By issuing a tough investigative report and moving quickly to press charges against the crew, senior Marine officials have attempted to quell the public and political outrage that the accident has triggered in Italy.
But just what prompted the Prowler team to violate military flight rules remains a mystery to Marine authorities. The crew members - Capts. Joseph Schweitzer, William L. Raney II, Chandler P. Seagraves and Richard J. Ashby, the pilot - have refused to be interviewed by military investigators, invoking their legal right to avoid questioning in anticipation of criminal proceedings.
They now will face the military equivalent of a civilian grand jury, a pretrial investigation to determine whether the charges should be referred to a court-martial.
That hearing will be held at Camp Lejeune, N.C., but no date has been announced. The officer who will conduct the proceeding is Lt. Col. Ronald L.Rogers, a Marine Corps military judge.
Rogers’ recommendations will be passed on to Lt. Gen. Peter Pace, commander of the U.S. Marines in the Atlantic. He will decide whether the proceedings might move forward to a court-martial, should that be recommended.

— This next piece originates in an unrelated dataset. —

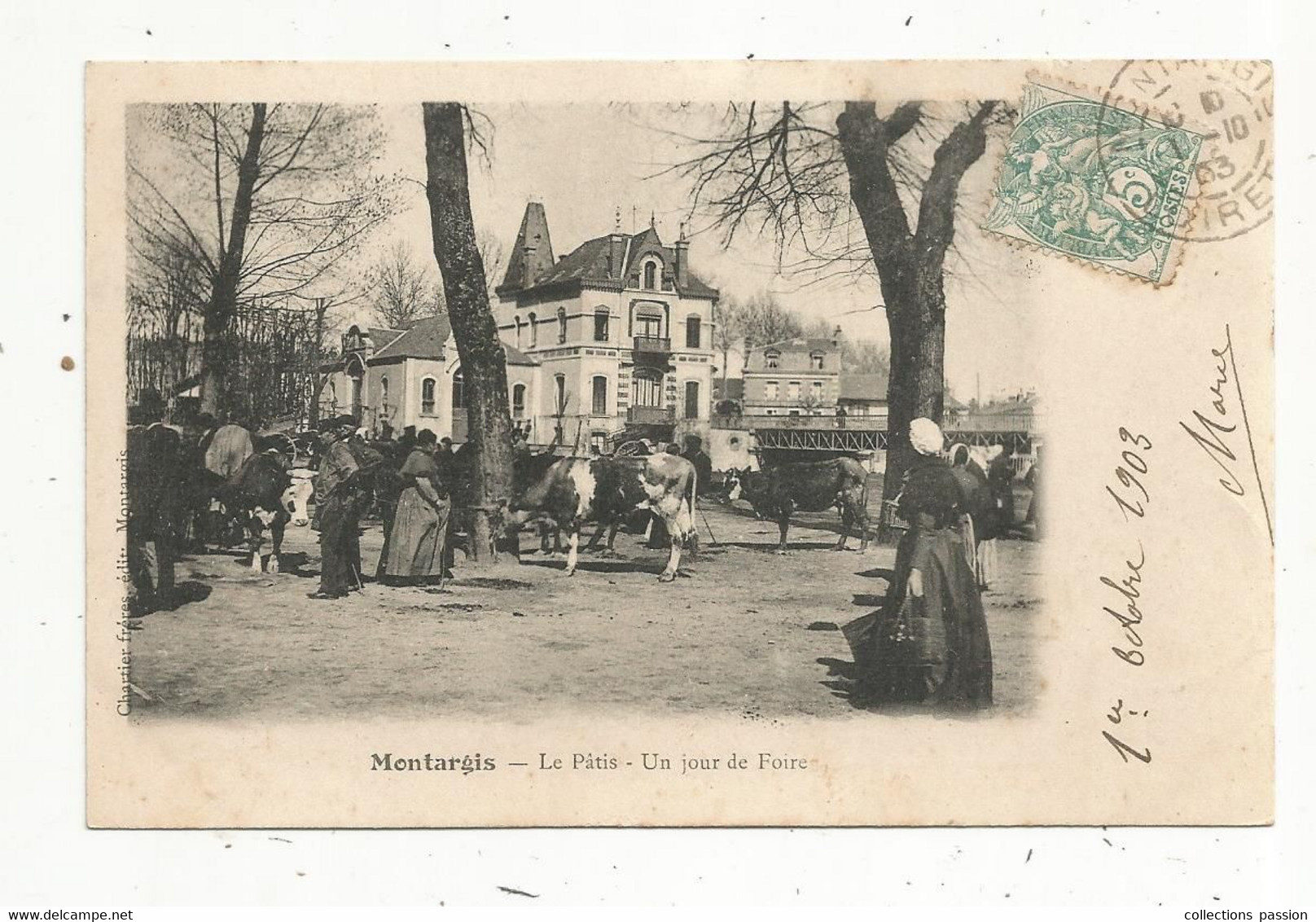 Cp, Commerce , Foire , 45 , MONTARGIS , Le Pâtis ,un Jour De Foire, Dos Simple , Voyagée 1903 - Kirmes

“These guys haven’t talked to investigators,” said a senior military official, “but it’ll be in their interest now to tell their side of the story.”
Investigators also have recommended administrative action against the squadron commander and several other supervising officers for lapses in training and flight preparation. A separate Marine inquiry is reviewing this aspect of the case, with orders to report by April 15.
Court-appointed engineers working for Italian prosecutors concluded the Prowler jet was flying at only 356 feet when the accident occurred. The authorized minimum altitude of the flight was 1,000 feet.